• **To do**
Using the material below, print the line that contains "POG型軸流風機圖片/POG型軸流風機樣板圖 (2)", the line that contains "Domus Orbis 4-In-1", and every line in between, exactly and nothing else.

• **Information provided**
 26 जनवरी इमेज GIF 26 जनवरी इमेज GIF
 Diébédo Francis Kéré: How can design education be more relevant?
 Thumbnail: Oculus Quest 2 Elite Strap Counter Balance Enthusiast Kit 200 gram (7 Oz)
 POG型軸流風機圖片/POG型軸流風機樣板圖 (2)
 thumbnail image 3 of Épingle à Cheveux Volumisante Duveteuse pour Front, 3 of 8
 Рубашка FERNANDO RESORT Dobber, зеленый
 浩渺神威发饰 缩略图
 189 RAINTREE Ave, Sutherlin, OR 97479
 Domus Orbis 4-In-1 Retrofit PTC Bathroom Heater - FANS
--
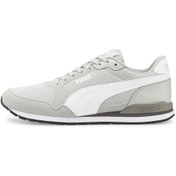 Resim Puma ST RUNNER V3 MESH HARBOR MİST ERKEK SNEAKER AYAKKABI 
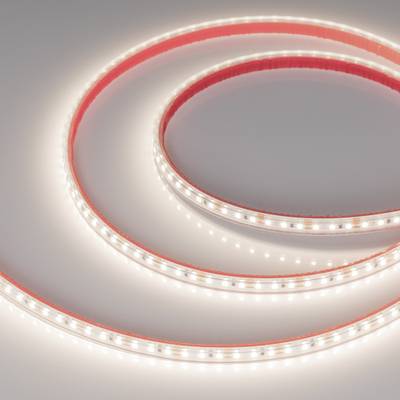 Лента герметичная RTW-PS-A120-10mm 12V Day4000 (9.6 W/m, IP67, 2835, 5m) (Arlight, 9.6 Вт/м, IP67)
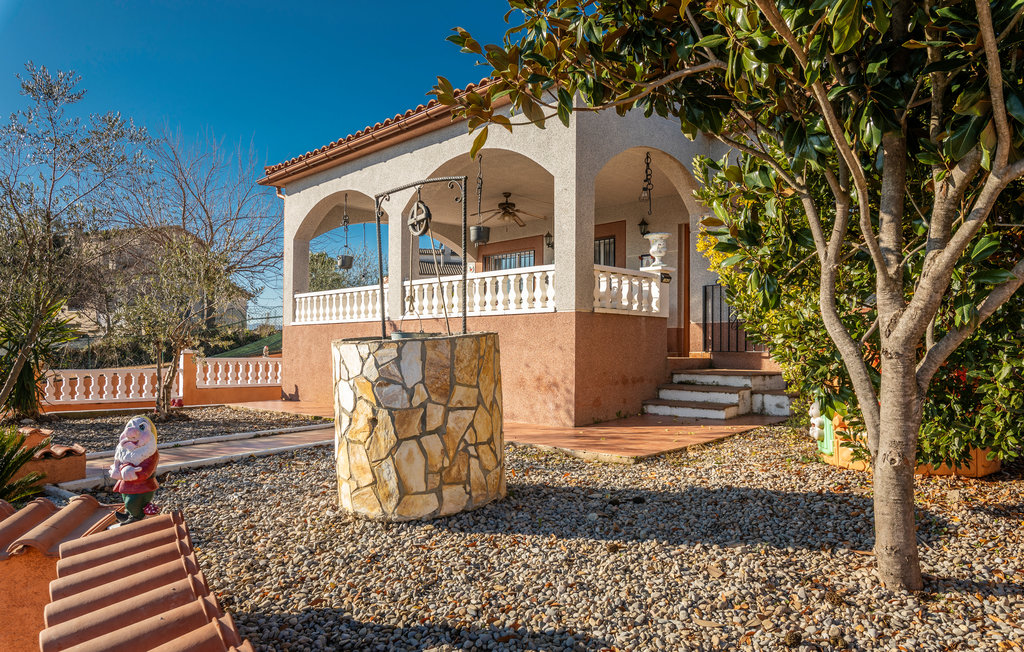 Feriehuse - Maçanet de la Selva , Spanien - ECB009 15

• **Exercise solution**
 POG型軸流風機圖片/POG型軸流風機樣板圖 (2)
 thumbnail image 3 of Épingle à Cheveux Volumisante Duveteuse pour Front, 3 of 8
 Рубашка FERNANDO RESORT Dobber, зеленый
 浩渺神威发饰 缩略图
 189 RAINTREE Ave, Sutherlin, OR 97479
 Domus Orbis 4-In-1 Retrofit PTC Bathroom Heater - FANS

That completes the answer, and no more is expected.